WARNER: All the power tools that do have safety guards on them, 99 percent of the time, we take those safety guards off because they get in the way when we try and work in the ice itself.

Warner and the other instructors handle the chainsaws at the youth competition.

Trying to bring an artistic vision to life on a deadline is never easy. Two students, Omar and Jay, are busy shaping their block into a woman’s portrait.

OMAR: This is the only actual human I’ve done. I’ve done a bird, a snake, a clamshell, a whale tail, and this…

Omar says he doesn’t feel great about their progress so far.

OMAR: It’s, it’s different and kind of frustrating to be honest…

Another competitor, a ten-year-old named Lincoln, is already nearing the end of his project.

LINCOLN: The reason why I did this for my grandma is because she says that I’m her vitamin D. And, and that’s really nice of her. So her birthday is coming up, so I’m making a huge sun and a heart in the middle, I love Grandma.

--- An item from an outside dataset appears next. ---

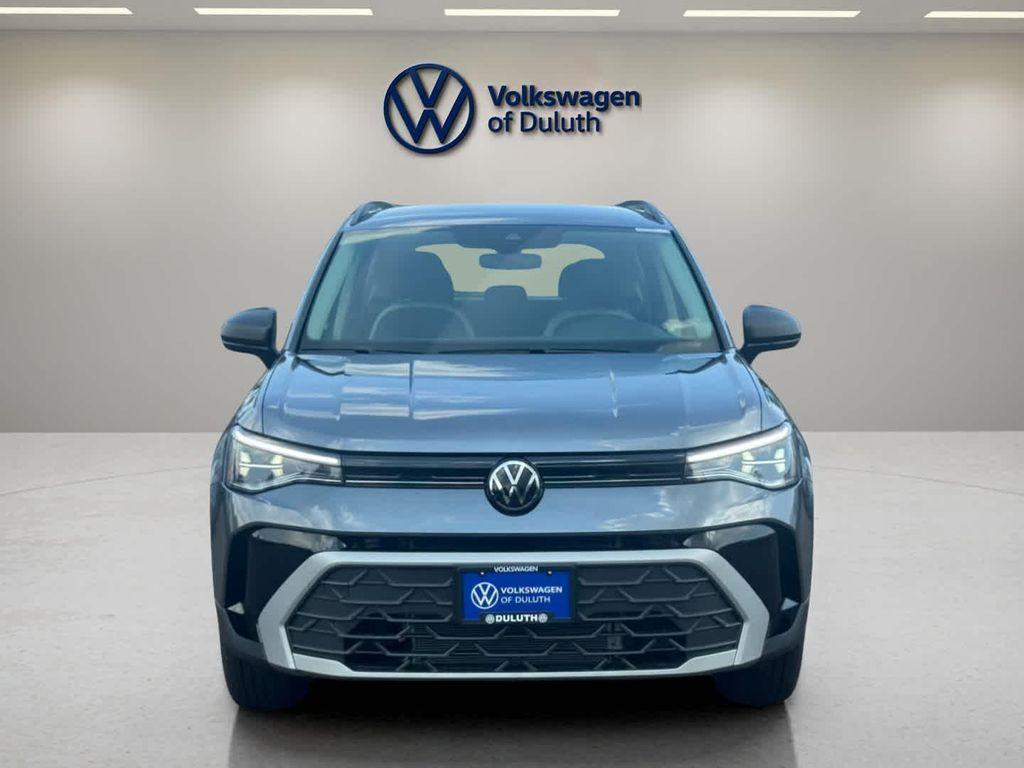 new 2025 Volkswagen Taos car, priced at $28,284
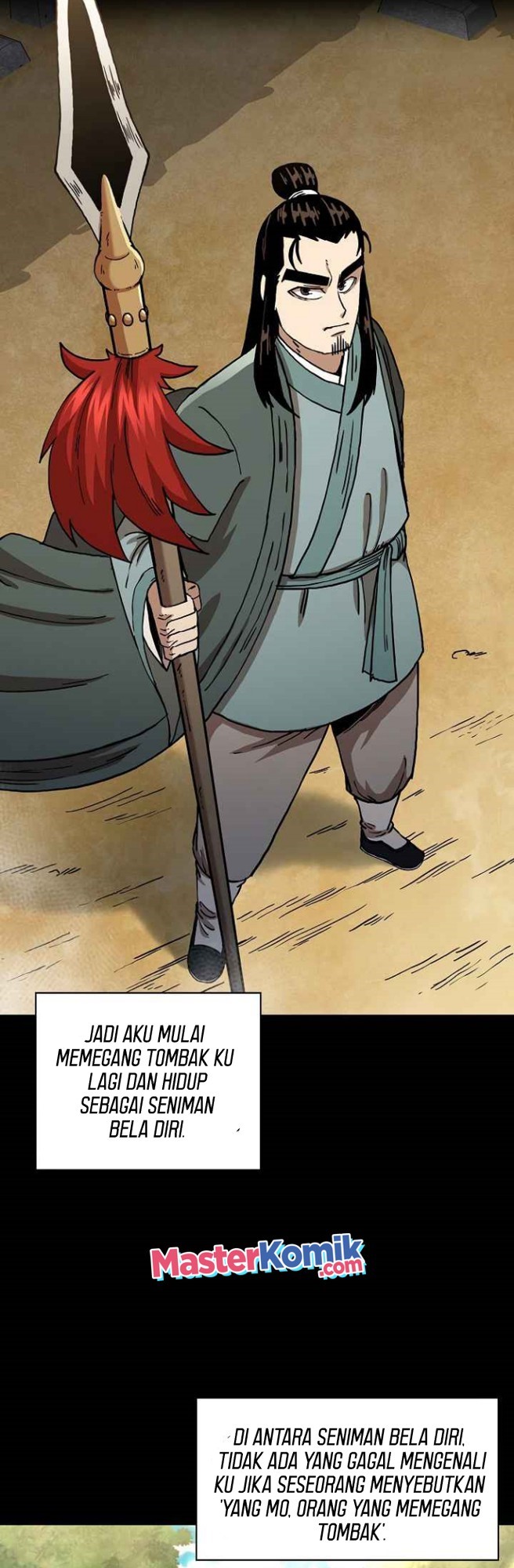 Sinsu Jeil Sword Chapter 45 - halaman 22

Many of the students keep coming back year after year. And Warner says, for him, that’s the biggest win.

WARNER: So, to me, I think that’s kind of really a good thing. Because that means that they must have had a good enough time and felt that they did a good enough job with what they did in the past that they want to come back and try again.

Just two days later, all those long, cold hours of carving finally pay off…

SOUND: [Clapping, cheering at awards ceremony]

Elizabeth and Pauline won first place with their statue of a cat reading a book. But all the students gathered on stage to celebrate completing over 24 hours carving outside in temperatures below ten degrees.

Reporting for WORLD, I’m Grace Snell in Fairbanks, Alaska.

WORLD Radio transcripts are created on a rush deadline. This text may not be in its final form and may be updated or revised in the future. Accuracy and availability may vary. The authoritative record of WORLD Radio programming is the audio record.